以上まとめると、本実施形態では、プラズマイオン注入成膜法を用いた単一のプロセスによって軟質層102及び硬質層104を連続的に形成でき、簡便に皮膜の形成を行える。また、軟質層102と硬質層104は、放電後のパルス電圧印加のタイミングまたは原料ガスの供給量を変えることで、水素含有量を異ならせることができ、硬質でかつ処理対象部材の変形に追従しうる皮膜を得ることができる。
このとき、パルス電圧印加のタイミングを、第1のサイクル及び第2のサイクルを繰り返すごとに、連続的にまたは段階的に早くすることで、皮膜100の処理対象部材11側の面から皮膜100の表面にかけて徐々に水素含有量を少なくでき、層間剥離を抑制できる。
また、軟質層102を形成する前に、第1のサイクルよりも高い電圧値のパルス電圧を印加して、処理対象部材11の表面の改質を行うことで、処理対象部材11と皮膜100との密着性を高めることができる。
さらに、軟質層102より厚みの大きい硬質層104を形成することで、亀裂の進展をより確実に抑えられる皮膜100を得ることができる。
以上、本発明の皮膜形成装置、皮膜形成方法、および皮膜について詳細に説明したが、本発明は上記実施形態および例に限定されず、本発明の主旨を逸脱しない範囲において、種々の改良や変更をしてもよいのはもちろんである。
10 皮膜形成装置
11 処理対象部材
12 処理容器
12a 窓
14 プラズマ生成素子(電極板)
16 高周波電源
18 マッチングボックス
20 パルス電圧供給部
22 制御部
24 レーザ光源部
26 原料ターゲット材
28 ガス供給装置
30 排気装置
32 導入管
34 排気管
36 絶縁部材
38 誘電体

Claims (9)

  1. プラズマを用いて処理対象部材の表面に皮膜を形成する皮膜形成方法であって、
    前記皮膜の成分を含む原料を用いて放電によりプラズマを生成し、前記原料の一部をイオンにして前記処理対象部材の表面に膜を形成し、さらに、前記処理対象部材にパルス電圧を印加して前記イオンの一部を前記膜に注入させることを1つのサイクルとして前記サイクルを繰り返し行い、
    前記サイクルを複数回繰り返して、前記処理対象部材の表面に第1の層を形成する第1のステップと、
    前記第1のステップの後、さらに、前記サイクルを複数回繰り返して前記第1の層の上に第2の層を形成する第2のステップと、を備え、
    前記第1のステップで行われる前記サイクルでは、前記プラズマが生成してから、前記第2のステップで行われる前記サイクルにおいて前記パルス電圧を印加するタイミングよりも遅いタイミングで前記パルス電圧の印加を行うことを特徴とする皮膜形成方法。

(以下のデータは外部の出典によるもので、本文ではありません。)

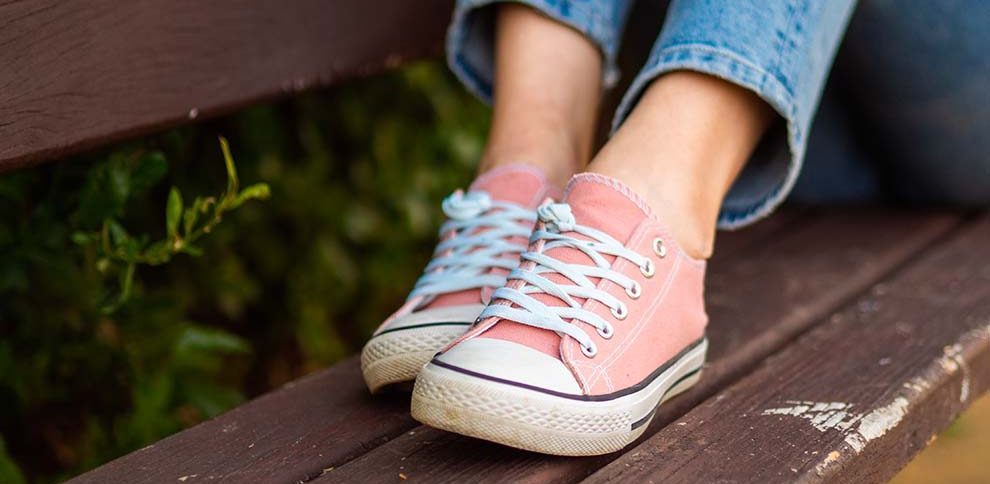 Tênis rosa sobre banco de madeira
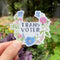 Trans Voter Sticker featuring watercolor floral design, held by a person, symbolizing LGBTQ+ pride and voter identity. Durable vinyl, weatherproof, 3x3.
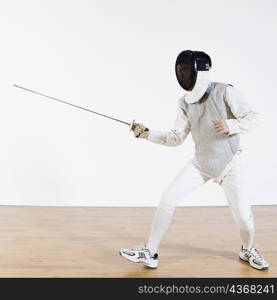 Man practicing fencing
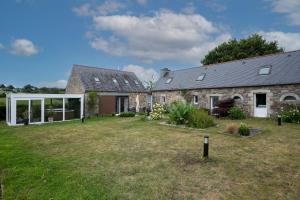 a stone house with a large yard in front of it at Ty Koad in Plouégat-Moysan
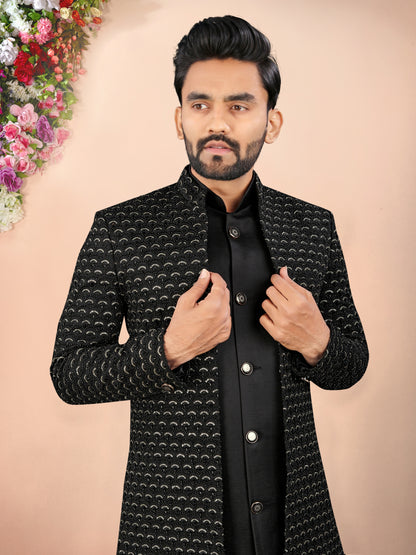 Man wearing a black patterned jacket against a beige background with floral decorations.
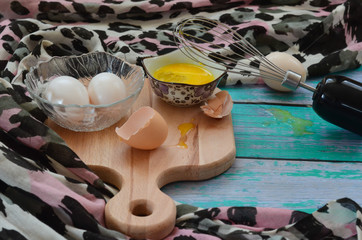 Cooking eggs, eggshells and yolks, whisk on a wooden cutting board
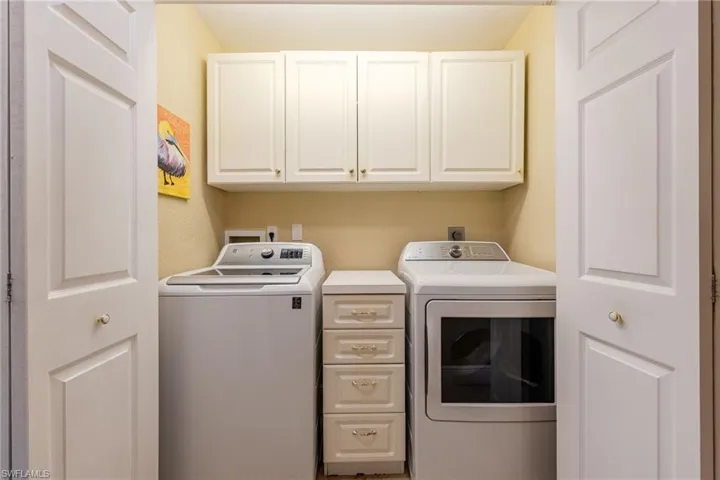 Washroom with washer and clothes dryer and cabinet space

  2. 前記プラズマが生成してから前記パルス電圧を印加するタイミングを、前記サイクルを繰り返すごとに連続的又は段階的に早くする、請求項1に記載の皮膜形成方法。
  3. 前記第2のステップで行われる前記サイクルでは、前記第1のステップで行われる前記サイクルで用いられる前記原料より多い量の原料、または、前記第1のステップで行われる前記サイクルで用いられる前記原料よりも前記皮膜の成分を多く含む他の種類の原料、を用いて前記プラズマを生成する、請求項1又は2に記載の皮膜形成方法。
  4. プラズマを用いて処理対象部材の表面に皮膜を形成する皮膜形成方法であって、
    前記皮膜の成分を含む原料を用いて放電によりプラズマを生成し、前記原料の一部をイオンにして前記処理対象部材の表面に膜を形成し、さらに、前記処理対象部材にパルス電圧を印加して前記イオンの一部を前記膜に注入させることを1つのサイクルとして前記サイクルを繰り返し行い、
    前記サイクルを複数回繰り返して、前記処理対象部材の表面に第1の層を形成する第1のステップと、
    前記第1のステップの後、さらに、前記サイクルを複数回繰り返して前記第1の層の上に第2の層を形成する第3のステップと、を備え、
    前記第3のステップで行われる前記サイクルでは、前記第1のステップで行われる前記サイクルで用いられる前記原料より多い量の原料、または、前記第1のステップで行われる前記サイクルで用いられる前記原料よりも前記皮膜の成分を多く含む他の種類の原料、を用いて前記プラズマを生成することを特徴とする皮膜形成方法。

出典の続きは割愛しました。